LURD commander "Gen. Cobra" with his guards

The First Liberian Civil War ended in August 1997 when Charles Taylor took power as the President of Liberia. Taylor had initiated the war when he and his militia, the National Patriotic Front of Liberia (NPFL), invaded the country from the Ivory Coast to overthrow President Samuel Doe in December 1989. The NPFL rapidly conquered most of Liberia except for the capital Monrovia, which came under the control of the Independent National Patriotic Front of Liberia (INPFL), a splinter group led by Prince Johnson. The INPFL captured and executed Doe in September 1990 and resisted attempts by the NPFL to take Monrovia, denying Taylor an outright victory and prolonging the war for years. A peace agreement was signed in 1996 between the major factions and resulted in the 1997 Liberian general election.

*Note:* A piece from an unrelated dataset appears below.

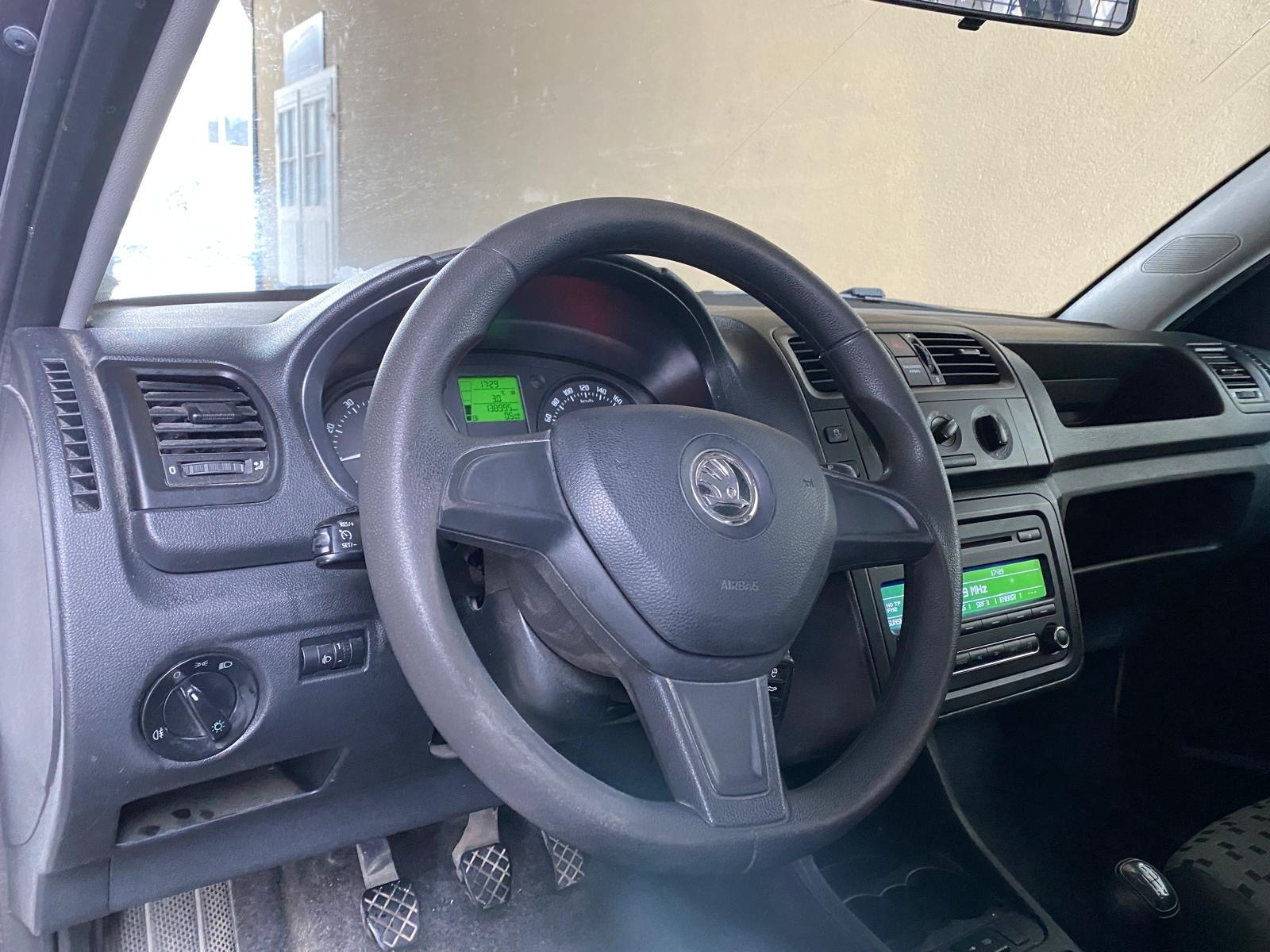 SKODA Praktik 1.2 HTP-image-14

Taylor won a landslide victory with 75% of the vote for the presidency, while his National Patriotic Party dominated the Legislature of Liberia. His success was mainly due to his control over the media, fear that the war would restart if he lost, and a general unfamiliarity with democratic processes among the Liberian public. Taylor quickly established a totalitarian and corrupt regime, with many dissidents fleeing to neighboring countries. Taylor's ambition of establishing Liberia as a regional power led to him supporting rebel groups such as the Rally of Democratic Forces of Guinea in the RFDG Insurgency and the Revolutionary United Front in the Sierra Leone Civil War. This brought him into conflict with the governments of Guinea and Sierra Leone who, in retaliation, began supporting the anti-Taylor dissidents that had fled to their countries.

LURD invasion

The second civil war began in April 1999, when Liberian dissidents under the banner of the Organization of Displaced Liberians invaded Liberia from Guinea.[5] Guinea became LURD's main source of military and financial support. By July 2000, the various dissident groups had coalesced as the LURD led by Sekou Conneh. The dissidents were thought to be mostly Mandinka and Krahn fighters of the former ULIMO-J and ULIMO-K.[6]

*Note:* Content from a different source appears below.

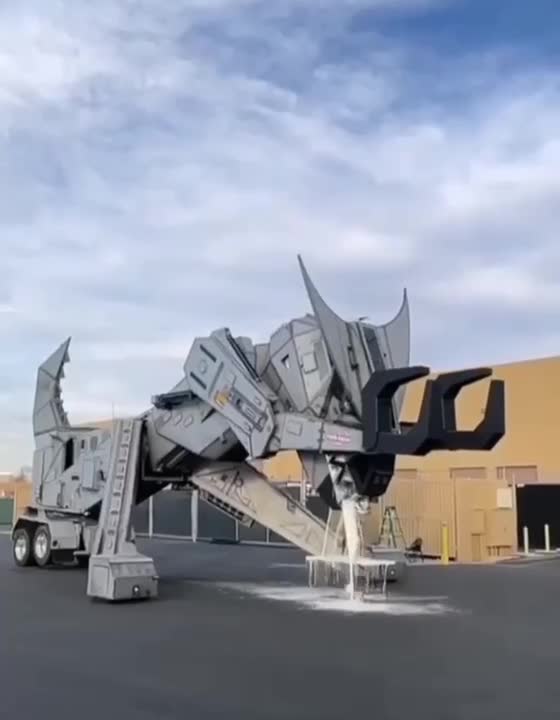 Robosaurus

Also important in forming LURD was an alliance, brokered by ECOMOG-SL Nigerian chief General Maxwell Khobe, between Liberian dissidents and the Sierra Leonean Kamajors hunter militia, including chiefs Samuel Hinga Norman and Eddie Massally.[6] Against the dissidents Taylor deployed irregular ex-National Patriotic Front of Liberia fighters with his more privileged units, such as the Anti-Terrorist Unit, positioned to ensure the irregulars did fight.

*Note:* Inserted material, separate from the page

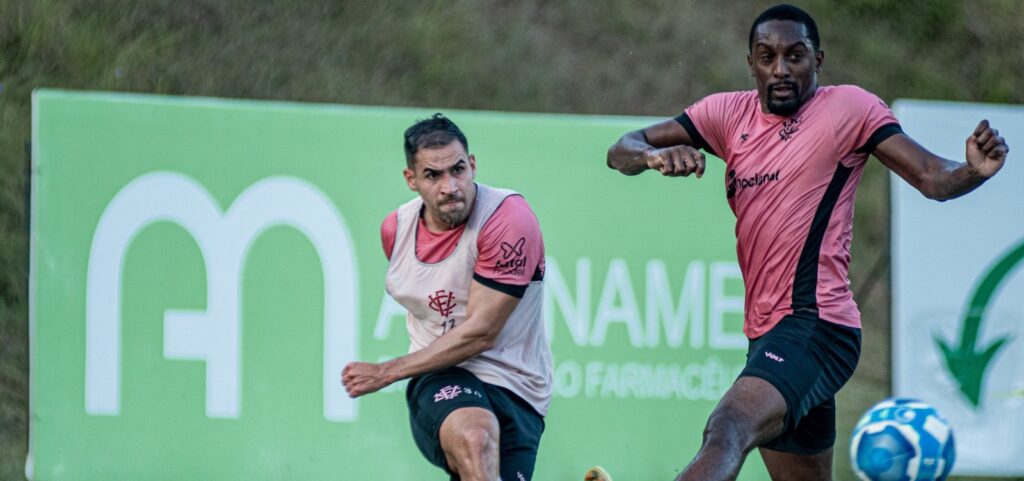 Para confirmar acesso, Vitória enfrenta o Vila Nova neste domingo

Simultaneous September 2000 counter-attacks on Guinea from Liberia and Sierra Leone by RUF – still loyal to Taylor and Guinean dissidents – achieved initial success.[7] By January 2001, however, Taylor's forces were pushed back inside Sierra Leone and Liberia. The insurgents were posing a major threat to the Taylor government. Liberia was now engaged in a complex three-way conflict with Sierra Leone and the Guinea Republic.

By the beginning of 2002, both of these countries were supporting LURD, while Taylor was supporting various opposition factions in both countries. By supporting — practically creating — the SL rebels, the Revolutionary United Front (RUF), Taylor also drew the enmity of the British and Americans. British and U.S. pressure on Taylor increased with rising financial support for Guinea and U.S./U.K.-proposed sanctions, a weaker version of which were imposed by U.N. Security Council May 2001.

Rebels approach Monrovia

 
A technical with a mounted machine gun, Monrovia.

By mid-February 2002 LURD troops were just 44 kilometres from Monrovia, at Klay Junction, and Taylor was forced to declare a state of emergency.[8] The February 2002 ICG report says that this attack was made by pursuing ‘a strategy of infiltration of south-western Liberia through the thick bush of Southern Lofa, looping around government strongholds and disrupting supply lines... while LURD claims between 300 and 500 men were assigned to that mission, ... the number that actually attacked was likely closer to twenty.’ Any image of a large force gradually pushing toward Monrovia is mistaken; ‘hit and run’ raids, rather than a continuous advance, seem to have been the pattern.[9]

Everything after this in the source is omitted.